• _Exercise directions_:
Copy each line of the records that holds the string "Double".

————————

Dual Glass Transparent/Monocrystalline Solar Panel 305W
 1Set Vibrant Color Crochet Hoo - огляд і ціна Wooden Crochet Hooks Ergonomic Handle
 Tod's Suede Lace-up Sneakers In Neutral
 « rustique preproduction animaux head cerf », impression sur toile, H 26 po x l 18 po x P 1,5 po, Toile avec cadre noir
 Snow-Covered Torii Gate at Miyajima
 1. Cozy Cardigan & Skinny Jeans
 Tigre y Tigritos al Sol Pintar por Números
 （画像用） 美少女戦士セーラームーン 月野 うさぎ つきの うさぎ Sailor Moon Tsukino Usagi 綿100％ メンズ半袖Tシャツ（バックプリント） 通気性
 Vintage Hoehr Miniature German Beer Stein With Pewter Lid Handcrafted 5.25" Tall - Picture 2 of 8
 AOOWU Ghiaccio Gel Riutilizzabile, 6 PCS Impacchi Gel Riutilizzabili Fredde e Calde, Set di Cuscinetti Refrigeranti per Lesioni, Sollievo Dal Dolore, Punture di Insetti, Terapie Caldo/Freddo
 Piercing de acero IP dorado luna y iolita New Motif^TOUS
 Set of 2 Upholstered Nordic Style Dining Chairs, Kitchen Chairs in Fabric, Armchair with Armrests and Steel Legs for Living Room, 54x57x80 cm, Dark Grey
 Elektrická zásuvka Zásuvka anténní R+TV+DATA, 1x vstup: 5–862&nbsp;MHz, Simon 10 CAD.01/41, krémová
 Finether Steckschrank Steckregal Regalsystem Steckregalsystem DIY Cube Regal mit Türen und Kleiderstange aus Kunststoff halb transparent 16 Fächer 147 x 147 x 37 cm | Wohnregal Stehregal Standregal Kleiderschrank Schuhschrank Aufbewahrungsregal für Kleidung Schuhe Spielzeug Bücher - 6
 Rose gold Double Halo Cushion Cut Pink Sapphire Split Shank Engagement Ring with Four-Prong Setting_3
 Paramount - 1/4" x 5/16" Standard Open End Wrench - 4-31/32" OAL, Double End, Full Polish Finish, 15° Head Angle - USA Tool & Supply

————————

• _Output of the task_:
 Rose gold Double Halo Cushion Cut Pink Sapphire Split Shank Engagement Ring with Four-Prong Setting_3
 Paramount - 1/4" x 5/16" Standard Open End Wrench - 4-31/32" OAL, Double End, Full Polish Finish, 15° Head Angle - USA Tool & Supply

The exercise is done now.